**Exercise instructions**
An exact copy of all the data, minus the images, is required.

=== Begin Enclosure ===

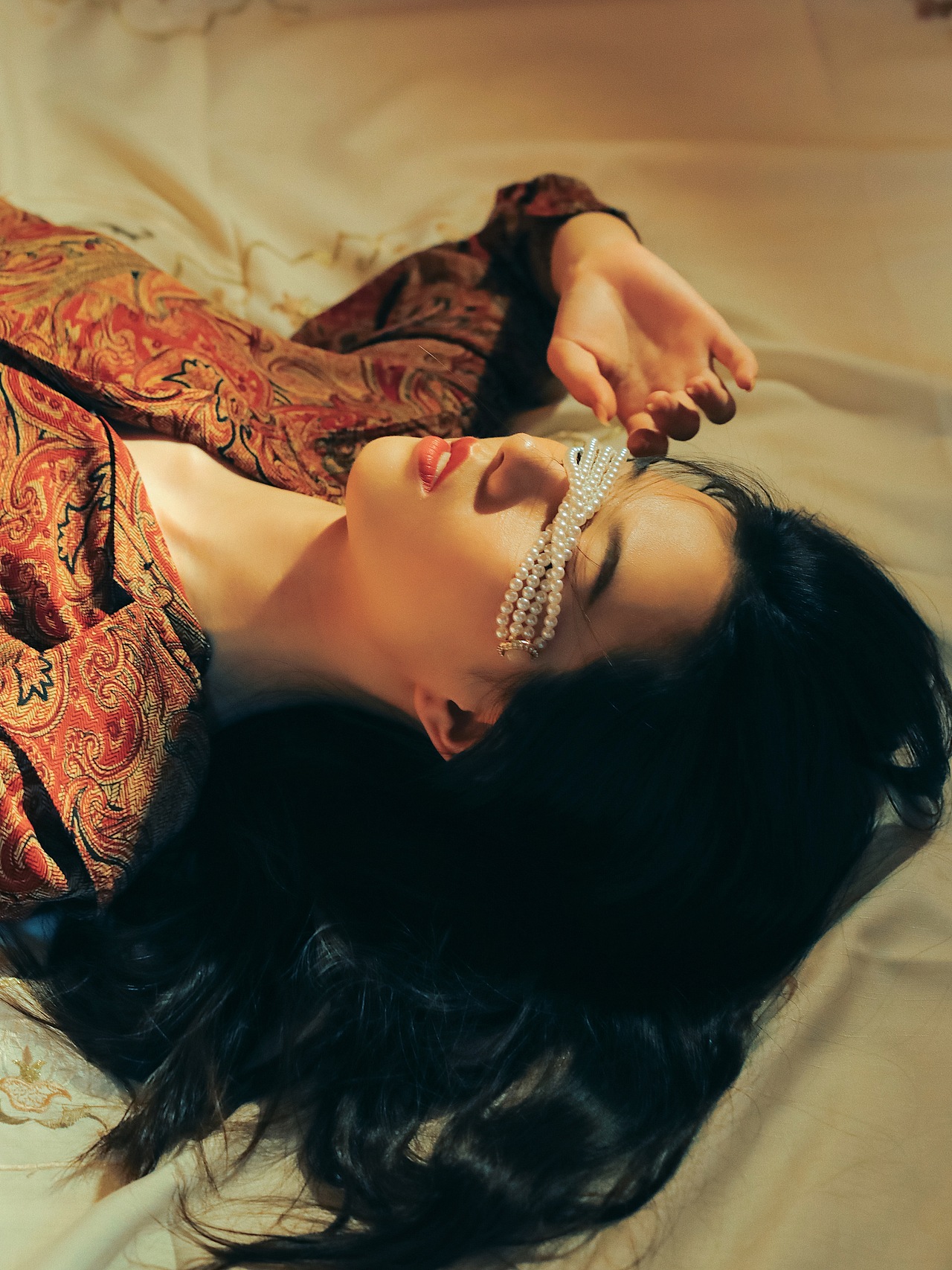 念旧（图ZMjQ5NjgwMzky） - 人像摄影 - 站酷设计师ARTLee小杰原创素材 - 站酷ZCOOL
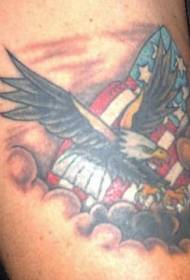 Burung elang sareng bendera Amérika dina pola tato méga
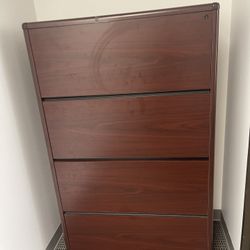 File. Cabinet With Key 🔑 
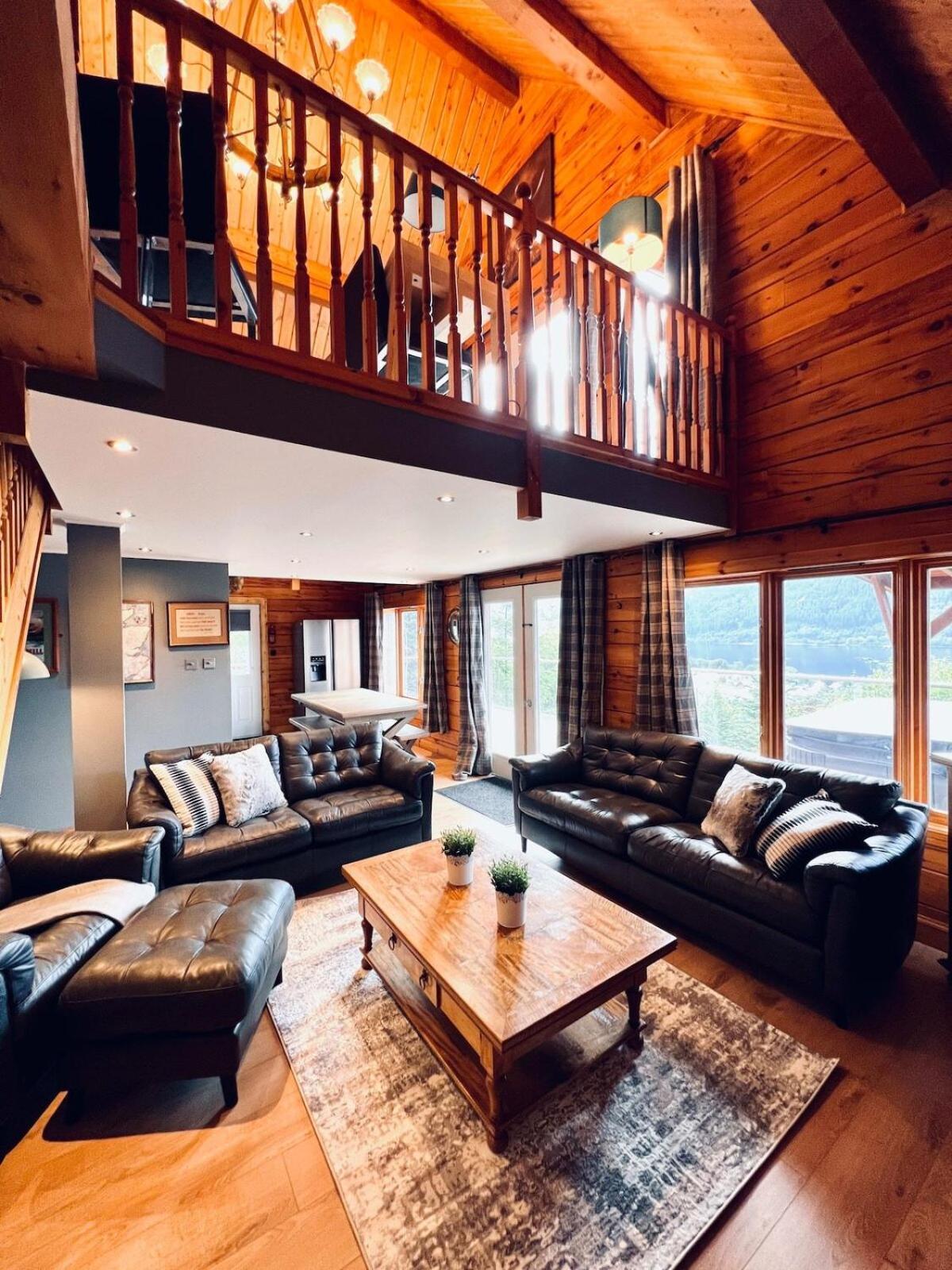 Lodges On Loch Ness インヴァネス エクステリア 写真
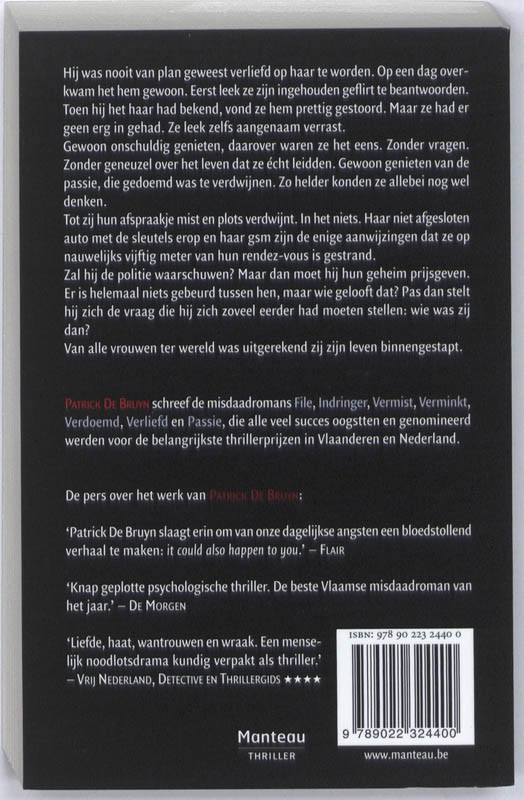 Achterkant van Thrillerpocket verliefd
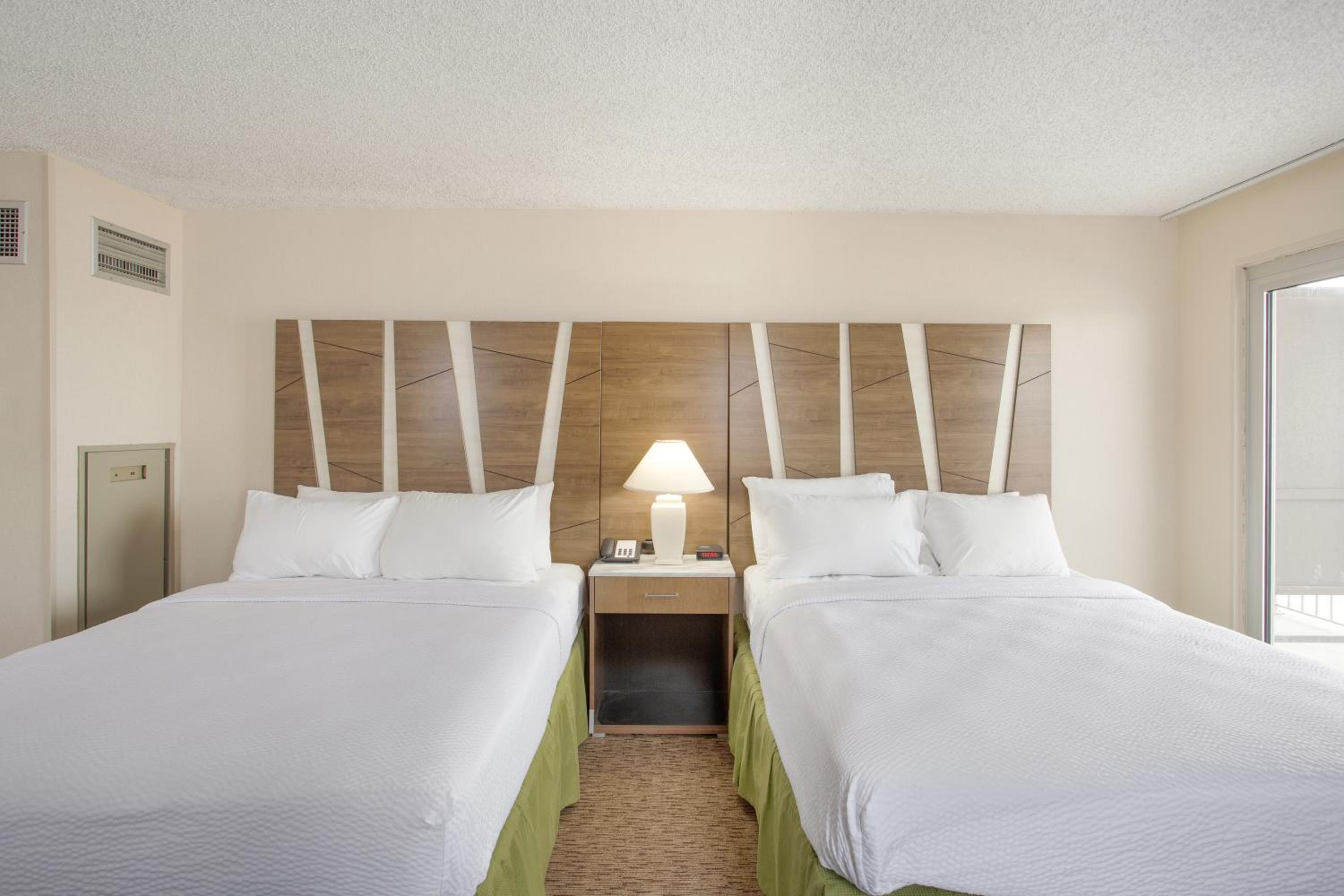 2 Queens Room with Front Ocean View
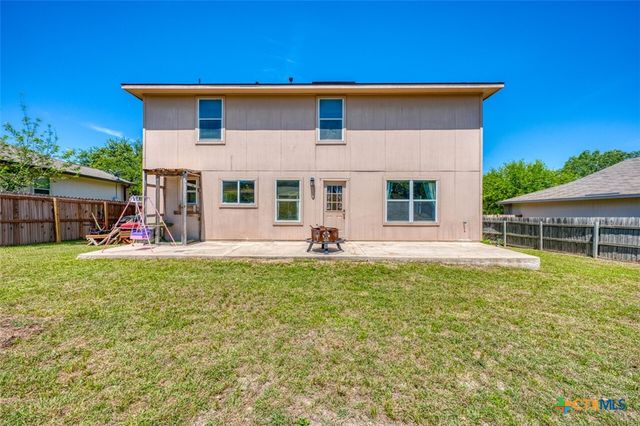 136 Dandelion Loop, Kyle, TX 78640
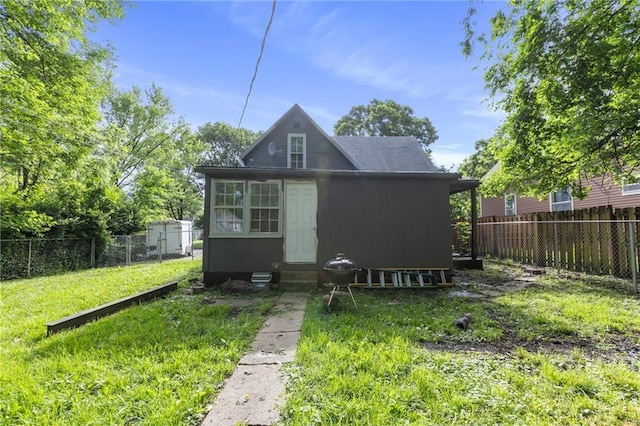 628 S Mulberry St, Ottawa, KS 66067 - back of house featuring entry steps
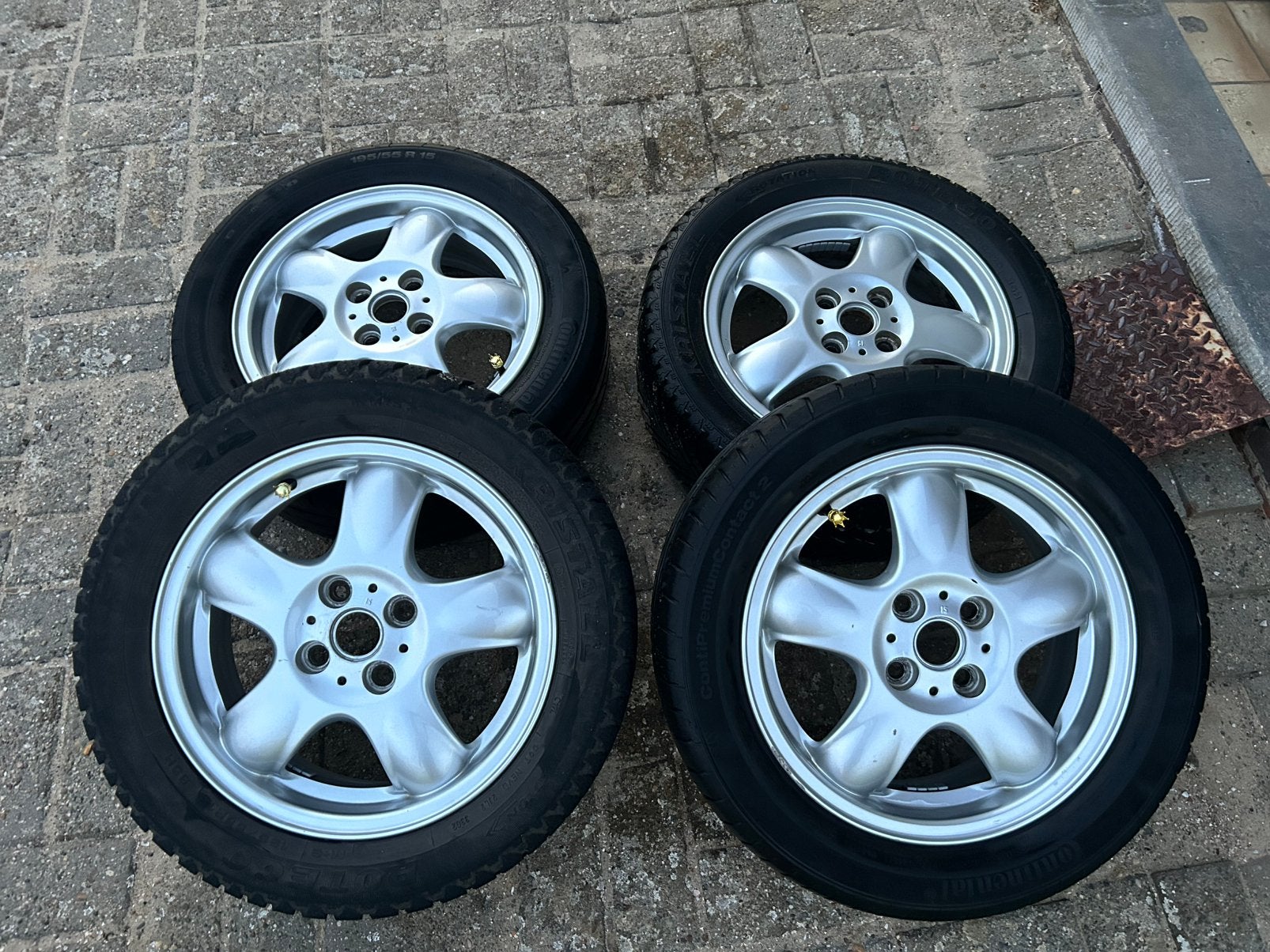 4 banden + Velgen te koop, Enlèvement, Pneu(s)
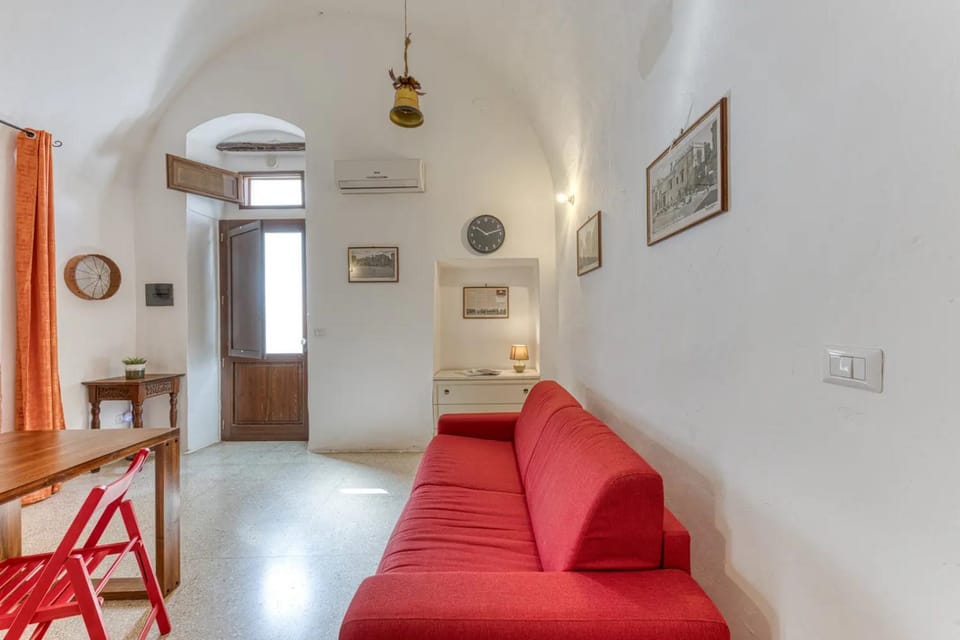 Seating area, Bedroom, kitchen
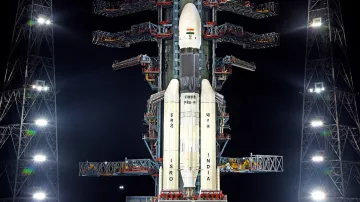 चंद्रयान-3: भारत अगले साल नंबवर में फिर कर सकता है ‘सॉफ्ट लैंडिंग’ का प्रयास- India TV Hindi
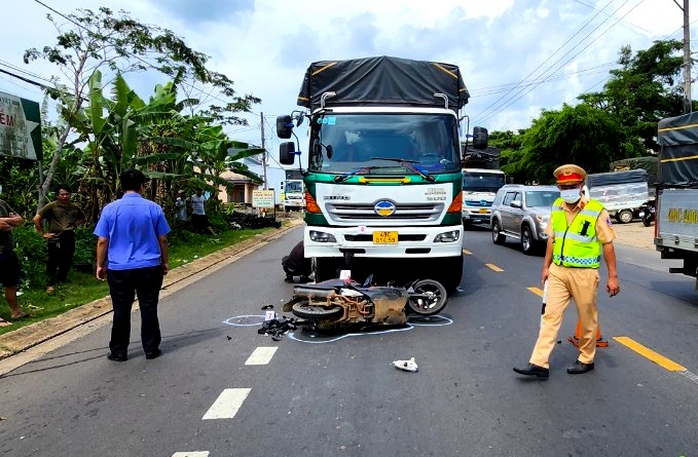 Tai nạn nghiêm trọng ở Lâm Đồng, 1 công an xã tử vong - Ảnh 1.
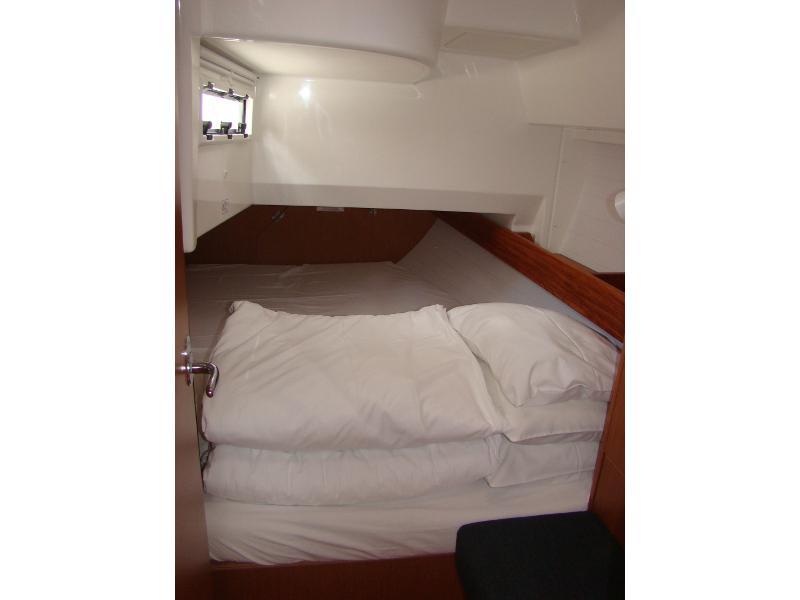 Book yachts online - sailboat - Bavaria Cruiser 36 - AMIGA 3 - rent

=== End Enclosure ===

**Task output**
 念旧（图ZMjQ5NjgwMzky） - 人像摄影 - 站酷设计师ARTLee小杰原创素材 - 站酷ZCOOL
 Burung elang sareng bendera Amérika dina pola tato méga
 File. Cabinet With Key 🔑 
 Lodges On Loch Ness インヴァネス エクステリア 写真
 Achterkant van Thrillerpocket verliefd
 2 Queens Room with Front Ocean View
 136 Dandelion Loop, Kyle, TX 78640
 628 S Mulberry St, Ottawa, KS 66067 - back of house featuring entry steps
 4 banden + Velgen te koop, Enlèvement, Pneu(s)
 Seating area, Bedroom, kitchen
 चंद्रयान-3: भारत अगले साल नंबवर में फिर कर सकता है ‘सॉफ्ट लैंडिंग’ का प्रयास- India TV Hindi
 Tai nạn nghiêm trọng ở Lâm Đồng, 1 công an xã tử vong - Ảnh 1.
 Book yachts online - sailboat - Bavaria Cruiser 36 - AMIGA 3 - rent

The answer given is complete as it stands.